Un vendedor de frutas y verduras instalado en una avenida de nuestra qué herida capital inundó esta mañana su carpa gigante con cientos y cientos de sandías, un espectáculo llamativo. Antes de comprar la cucurbitácea le pregunté el origen y me sorprendió: “la traemos de Sinaloa”.

Pero más me asombró que paguen 75 mil pesos por el flete de un cargamento de 30 toneladas, 15 de ellas entregadas en Campeche y el resto en nuestra capital.

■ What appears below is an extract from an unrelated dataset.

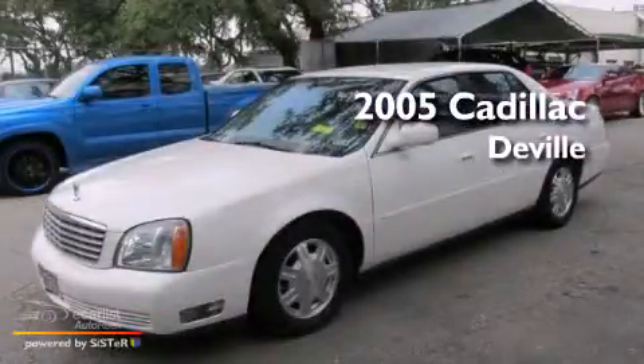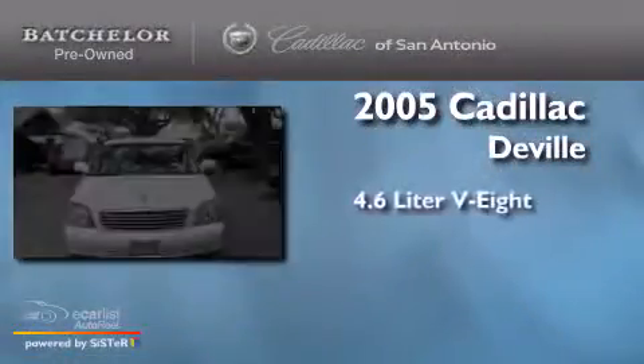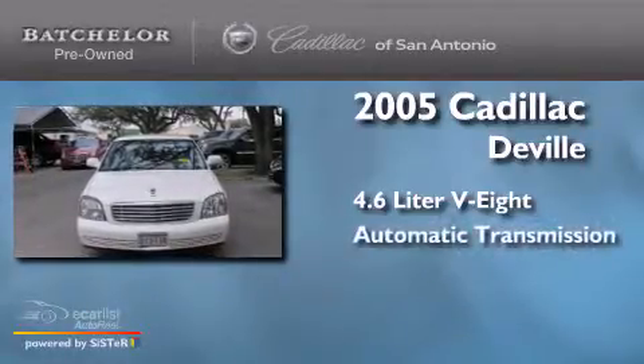This is a 2005 Cadillac DeVille. It features a 4.6-liter, eight-cylinder engine and an automatic transmission.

Subir unos cuantos pesos al kilogramo del fruto de origen africano es la consecuencia inevitable para que resulte la compra gigantesca en los valles de la tierra de Pedro Infante, Lola Beltrán y algunos querubines.

Le pregunté la razón por la que no compra en Quintana Roo –por ejemplo, en el municipio maya de José María Morelos– y rechazó la opción por la bajísima calidad del fruto, quizá por una mala selección de variedades según su decir. Es por ello que la sandía nuestra no soporta varios días de almacenaje, a diferencia de esta de Sinaloa que uno de cada tres clientes compraba en el curso de la conversación.

Y me dijo que luego aquí venden sandía del segundo corte y con la planta agotada, por lo que el fruto es pequeño, paliducho e insípido.

Que haya sandía sinaloense en decenas de hogares de nuestra capital exhibe una jodida política maya caribeña para el cultivo de este fruto que intentaron consolidar en José María Morelos. Recuerdo el nombre de la empresa Procoissa y disculpen mi imprecisión porque eso ocurrió a principios o mediados de la década de los 90, por lo que queda fuera del alcance de San Google.

Es tarea de los tres órdenes de gobierno, comenzando por la Secretaría de Desarrollo Agropecuario, Rural y Pesca (Sedarpe) manejada por la sureña Linda Cobos Castro, pero también del gobierno federal con “Sembrando Vida” y del presidente municipal de Morena, Erik Borges Yam.

La tarea involucra a mujeres y hombres del campo que deben reaccionar para aprovechar su tierra tan fértil y cultivar sandía y otros frutos, aprovechando su cercanía con Chetumal, Playa del Carmen, Cancún y Mérida.

Bravo por Sinaloa, pero está cabrón que nos apedreen el rancho.